◆ **Information provided**
--- START ---
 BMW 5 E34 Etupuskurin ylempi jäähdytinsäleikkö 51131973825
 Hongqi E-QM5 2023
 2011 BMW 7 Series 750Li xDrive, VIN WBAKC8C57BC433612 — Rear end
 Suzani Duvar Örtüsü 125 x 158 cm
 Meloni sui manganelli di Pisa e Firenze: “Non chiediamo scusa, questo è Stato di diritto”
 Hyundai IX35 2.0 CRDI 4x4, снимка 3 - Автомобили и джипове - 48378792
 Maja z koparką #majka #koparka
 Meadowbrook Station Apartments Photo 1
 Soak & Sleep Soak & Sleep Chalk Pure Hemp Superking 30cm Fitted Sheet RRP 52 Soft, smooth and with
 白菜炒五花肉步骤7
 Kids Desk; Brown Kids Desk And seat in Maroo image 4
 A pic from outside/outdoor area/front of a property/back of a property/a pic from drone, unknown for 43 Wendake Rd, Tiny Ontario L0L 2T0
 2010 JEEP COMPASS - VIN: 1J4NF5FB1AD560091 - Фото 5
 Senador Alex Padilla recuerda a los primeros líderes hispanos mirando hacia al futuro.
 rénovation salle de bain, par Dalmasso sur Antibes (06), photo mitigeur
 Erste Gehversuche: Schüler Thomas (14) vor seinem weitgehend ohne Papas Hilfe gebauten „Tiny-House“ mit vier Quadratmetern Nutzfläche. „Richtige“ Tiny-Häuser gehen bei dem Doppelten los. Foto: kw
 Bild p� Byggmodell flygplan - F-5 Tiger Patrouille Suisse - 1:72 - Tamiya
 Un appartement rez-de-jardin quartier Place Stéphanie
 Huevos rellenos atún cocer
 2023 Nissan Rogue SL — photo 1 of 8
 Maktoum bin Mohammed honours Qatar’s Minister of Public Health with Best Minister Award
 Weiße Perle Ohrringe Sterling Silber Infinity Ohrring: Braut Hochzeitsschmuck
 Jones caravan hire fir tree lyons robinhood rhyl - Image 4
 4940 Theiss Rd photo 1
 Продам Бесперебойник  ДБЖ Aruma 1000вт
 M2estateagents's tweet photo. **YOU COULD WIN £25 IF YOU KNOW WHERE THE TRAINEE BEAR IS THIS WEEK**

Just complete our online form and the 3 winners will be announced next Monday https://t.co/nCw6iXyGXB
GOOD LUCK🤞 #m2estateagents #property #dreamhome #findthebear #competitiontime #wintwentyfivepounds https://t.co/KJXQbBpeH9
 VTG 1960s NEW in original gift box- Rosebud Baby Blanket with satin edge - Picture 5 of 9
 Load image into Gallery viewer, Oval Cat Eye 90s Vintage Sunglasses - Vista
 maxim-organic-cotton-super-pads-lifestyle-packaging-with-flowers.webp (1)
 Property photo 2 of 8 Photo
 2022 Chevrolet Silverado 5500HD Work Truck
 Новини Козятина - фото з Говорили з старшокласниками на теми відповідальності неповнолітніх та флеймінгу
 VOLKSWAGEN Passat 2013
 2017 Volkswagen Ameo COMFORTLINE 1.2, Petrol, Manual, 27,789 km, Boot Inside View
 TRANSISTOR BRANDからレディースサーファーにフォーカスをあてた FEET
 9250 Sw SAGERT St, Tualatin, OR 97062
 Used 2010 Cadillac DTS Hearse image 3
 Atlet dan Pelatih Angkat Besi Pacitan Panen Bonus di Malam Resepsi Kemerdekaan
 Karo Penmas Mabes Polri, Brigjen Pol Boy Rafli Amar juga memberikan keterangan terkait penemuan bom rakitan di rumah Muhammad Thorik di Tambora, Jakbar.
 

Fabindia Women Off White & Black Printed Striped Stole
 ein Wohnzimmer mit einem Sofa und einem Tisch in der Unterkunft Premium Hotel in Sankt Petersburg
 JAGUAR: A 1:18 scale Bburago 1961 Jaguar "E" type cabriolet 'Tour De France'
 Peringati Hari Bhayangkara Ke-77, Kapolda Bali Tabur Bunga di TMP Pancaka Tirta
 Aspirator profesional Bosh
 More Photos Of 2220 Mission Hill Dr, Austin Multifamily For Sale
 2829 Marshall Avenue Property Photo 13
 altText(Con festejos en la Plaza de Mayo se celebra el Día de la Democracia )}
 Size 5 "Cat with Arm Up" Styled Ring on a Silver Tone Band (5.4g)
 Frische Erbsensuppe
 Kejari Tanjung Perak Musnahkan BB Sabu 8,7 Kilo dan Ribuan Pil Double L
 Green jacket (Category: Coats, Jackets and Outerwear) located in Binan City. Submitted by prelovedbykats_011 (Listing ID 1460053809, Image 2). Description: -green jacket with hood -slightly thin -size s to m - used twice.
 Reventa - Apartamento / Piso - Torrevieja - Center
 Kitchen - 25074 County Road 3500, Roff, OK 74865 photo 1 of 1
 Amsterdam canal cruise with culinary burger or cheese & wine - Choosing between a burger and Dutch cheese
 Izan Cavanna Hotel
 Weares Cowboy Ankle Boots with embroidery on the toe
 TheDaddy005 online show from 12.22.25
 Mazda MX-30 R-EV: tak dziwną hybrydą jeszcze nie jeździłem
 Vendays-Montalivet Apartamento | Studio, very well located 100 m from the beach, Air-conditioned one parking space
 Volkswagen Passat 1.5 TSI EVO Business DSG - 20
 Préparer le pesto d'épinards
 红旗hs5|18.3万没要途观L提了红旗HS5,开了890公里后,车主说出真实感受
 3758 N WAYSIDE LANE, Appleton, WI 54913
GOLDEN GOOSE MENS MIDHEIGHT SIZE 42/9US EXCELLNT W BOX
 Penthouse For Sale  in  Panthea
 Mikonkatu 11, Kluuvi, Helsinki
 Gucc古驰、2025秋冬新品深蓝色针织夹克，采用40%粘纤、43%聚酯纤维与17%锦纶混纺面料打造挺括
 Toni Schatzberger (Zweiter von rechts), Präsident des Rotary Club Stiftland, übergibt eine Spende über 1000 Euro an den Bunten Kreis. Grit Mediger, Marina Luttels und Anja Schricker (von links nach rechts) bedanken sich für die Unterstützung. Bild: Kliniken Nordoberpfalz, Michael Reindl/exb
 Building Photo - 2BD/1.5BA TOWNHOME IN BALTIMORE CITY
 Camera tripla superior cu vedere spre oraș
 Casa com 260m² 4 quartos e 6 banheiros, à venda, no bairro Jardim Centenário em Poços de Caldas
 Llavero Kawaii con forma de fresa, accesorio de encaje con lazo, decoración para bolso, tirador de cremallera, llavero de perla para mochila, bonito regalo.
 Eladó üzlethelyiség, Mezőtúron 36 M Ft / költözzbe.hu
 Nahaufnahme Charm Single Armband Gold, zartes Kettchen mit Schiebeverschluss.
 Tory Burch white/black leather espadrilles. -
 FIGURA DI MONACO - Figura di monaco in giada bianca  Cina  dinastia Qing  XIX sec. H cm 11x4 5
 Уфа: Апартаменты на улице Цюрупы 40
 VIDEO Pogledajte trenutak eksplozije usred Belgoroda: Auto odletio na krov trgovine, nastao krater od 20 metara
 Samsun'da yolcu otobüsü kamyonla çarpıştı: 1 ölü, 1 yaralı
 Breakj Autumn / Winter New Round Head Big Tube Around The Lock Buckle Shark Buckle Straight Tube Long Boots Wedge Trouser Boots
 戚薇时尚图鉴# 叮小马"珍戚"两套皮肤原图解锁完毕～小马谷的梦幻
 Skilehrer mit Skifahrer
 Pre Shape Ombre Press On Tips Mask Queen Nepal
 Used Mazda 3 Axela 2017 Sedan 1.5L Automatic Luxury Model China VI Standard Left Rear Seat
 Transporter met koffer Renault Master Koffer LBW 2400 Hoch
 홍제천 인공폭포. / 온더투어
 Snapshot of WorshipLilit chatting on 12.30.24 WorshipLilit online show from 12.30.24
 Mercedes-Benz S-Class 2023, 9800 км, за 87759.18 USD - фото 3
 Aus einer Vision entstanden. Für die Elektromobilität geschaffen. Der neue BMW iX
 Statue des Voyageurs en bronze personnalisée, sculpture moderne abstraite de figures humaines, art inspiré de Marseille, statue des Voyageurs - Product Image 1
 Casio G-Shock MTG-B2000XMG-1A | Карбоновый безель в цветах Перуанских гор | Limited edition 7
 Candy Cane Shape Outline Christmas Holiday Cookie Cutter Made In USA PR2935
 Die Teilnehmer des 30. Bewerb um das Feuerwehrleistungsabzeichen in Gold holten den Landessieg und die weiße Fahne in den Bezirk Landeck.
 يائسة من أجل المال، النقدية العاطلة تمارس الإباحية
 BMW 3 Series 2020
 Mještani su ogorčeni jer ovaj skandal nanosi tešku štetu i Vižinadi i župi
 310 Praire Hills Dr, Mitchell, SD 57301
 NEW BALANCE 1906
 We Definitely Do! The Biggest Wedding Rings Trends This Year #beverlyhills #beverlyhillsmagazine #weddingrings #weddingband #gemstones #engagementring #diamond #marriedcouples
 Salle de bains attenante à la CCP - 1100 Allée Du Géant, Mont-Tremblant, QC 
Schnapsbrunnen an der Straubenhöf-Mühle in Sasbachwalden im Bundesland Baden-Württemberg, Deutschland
--- END ---
◆ **Work order**
From the material above, retype precisely the lines between the line holding "Meadowbrook Station Apartments Photo 1" and the line holding "Used 2010 Cadillac DTS Hearse image 3", inclusive, and nothing beyond them.

◆ **Result of this task**
 Meadowbrook Station Apartments Photo 1
 Soak & Sleep Soak & Sleep Chalk Pure Hemp Superking 30cm Fitted Sheet RRP 52 Soft, smooth and with
 白菜炒五花肉步骤7
 Kids Desk; Brown Kids Desk And seat in Maroo image 4
 A pic from outside/outdoor area/front of a property/back of a property/a pic from drone, unknown for 43 Wendake Rd, Tiny Ontario L0L 2T0
 2010 JEEP COMPASS - VIN: 1J4NF5FB1AD560091 - Фото 5
 Senador Alex Padilla recuerda a los primeros líderes hispanos mirando hacia al futuro.
 rénovation salle de bain, par Dalmasso sur Antibes (06), photo mitigeur
 Erste Gehversuche: Schüler Thomas (14) vor seinem weitgehend ohne Papas Hilfe gebauten „Tiny-House“ mit vier Quadratmetern Nutzfläche. „Richtige“ Tiny-Häuser gehen bei dem Doppelten los. Foto: kw
 Bild p� Byggmodell flygplan - F-5 Tiger Patrouille Suisse - 1:72 - Tamiya
 Un appartement rez-de-jardin quartier Place Stéphanie
 Huevos rellenos atún cocer
 2023 Nissan Rogue SL — photo 1 of 8
 Maktoum bin Mohammed honours Qatar’s Minister of Public Health with Best Minister Award
 Weiße Perle Ohrringe Sterling Silber Infinity Ohrring: Braut Hochzeitsschmuck
 Jones caravan hire fir tree lyons robinhood rhyl - Image 4
 4940 Theiss Rd photo 1
 Продам Бесперебойник  ДБЖ Aruma 1000вт
 M2estateagents's tweet photo. **YOU COULD WIN £25 IF YOU KNOW WHERE THE TRAINEE BEAR IS THIS WEEK**

Just complete our online form and the 3 winners will be announced next Monday https://t.co/nCw6iXyGXB
GOOD LUCK🤞 #m2estateagents #property #dreamhome #findthebear #competitiontime #wintwentyfivepounds https://t.co/KJXQbBpeH9
 VTG 1960s NEW in original gift box- Rosebud Baby Blanket with satin edge - Picture 5 of 9
 Load image into Gallery viewer, Oval Cat Eye 90s Vintage Sunglasses - Vista
 maxim-organic-cotton-super-pads-lifestyle-packaging-with-flowers.webp (1)
 Property photo 2 of 8 Photo
 2022 Chevrolet Silverado 5500HD Work Truck
 Новини Козятина - фото з Говорили з старшокласниками на теми відповідальності неповнолітніх та флеймінгу
 VOLKSWAGEN Passat 2013
 2017 Volkswagen Ameo COMFORTLINE 1.2, Petrol, Manual, 27,789 km, Boot Inside View
 TRANSISTOR BRANDからレディースサーファーにフォーカスをあてた FEET
 9250 Sw SAGERT St, Tualatin, OR 97062
 Used 2010 Cadillac DTS Hearse image 3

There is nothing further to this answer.